The closest matches I can find to your grandfather by unit are:
29th Signal Company: White, William W
115th Infantry Regiment: Waits, Jace M White, George E White, William N Whitehead, John P Whitman, Leo R Whittington, Jack E
116th Infantry Regiment: Waite, Richard A Whitacre, Ozro T Whitaker, Herbert C White, Gordon H White, Ottis A White, Peter J White, William A Whittaker, Jess S
175th Infantry Regiment: White, James A White, John E White, Leland O White, William T
Thats everyone whose name is White, Waite or something close. I also looked at Wright, but saw no Francis or one with middle initial 'F' or anything helpful.
I don't know if you have any experience with these divisional histories (most divisions had one written after the war), but my experience is that all in all they are a good way to get a lot of details about the particulars of troop movements and such during battles that are too detailed for most history books, since these books focus only on one division. That does not mean that they do not have errors or omissions (this wouldn't be the first time I've come across one). Considering that the 29th ID has something on the order of 3500 troops killed in action, I think it is very likely that some have been left out by mistake (and probably a few names of people that weren't killed as well), along with plenty of mispellings. Perhaps one the Whites listed above really had a middle initial 'F' for Francis and went by that name rather than his first name. Typos like that are a definite possibility.

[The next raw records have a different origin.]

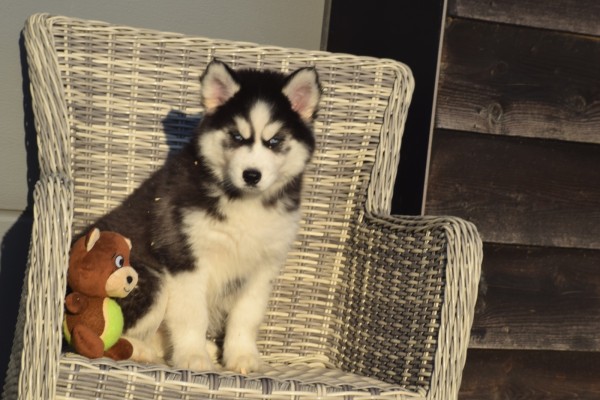 Husky sybérien (teef) 30613
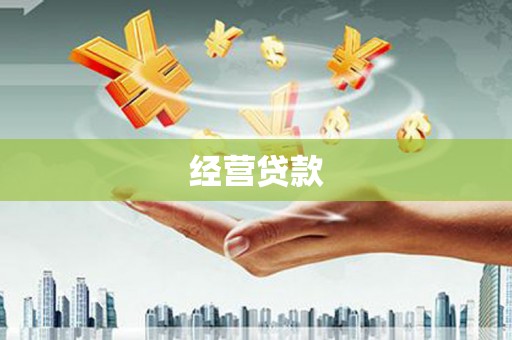 仁布经营贷款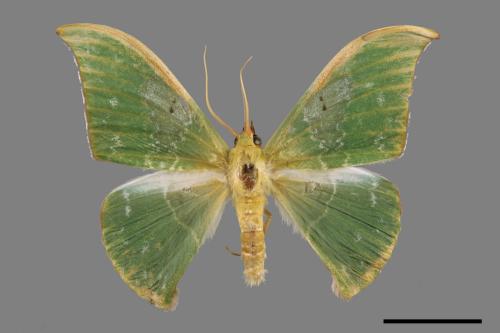 Tanaorhinus viridiluteatus[雙點鐮翅青尺蛾][00056770]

So, if you have a very reliable source that says that Francis was in the 116th infantry regiment of the 29th infantry division, then I would trust it. However, if your source is perhaps not so reliable, then my suggestion is to consider a few other options (but not to rule out the 29th). As a further suggestion you might consider the 2nd or 5th ranger battalions, which were both attached to the 116th infantry regiment for the D-Day landings. Both would also have been in Cornwall at some point prior to D-Day since the 116th regiment embarked from various ports there for the invasion.I don't have easy access to casualty lists for these units or any other that participated in D-Day (other than the 29th of course) - I'm not even sure where the best place to look for them would be.
According to my book, the 29th division was stationed just outside of Salisbury (minus the 115th regiment which was near Oxford) in October of '42. In May '43 the division movedto Cornwall - the 115th regiment in Bodmin (hmmm....), Launceston and Bakehouse; the 116th regiment in Plymouth and the 175th regiment in Exeter; with the artillery spread all around.
I hope I helped some....let me know if I can help some more.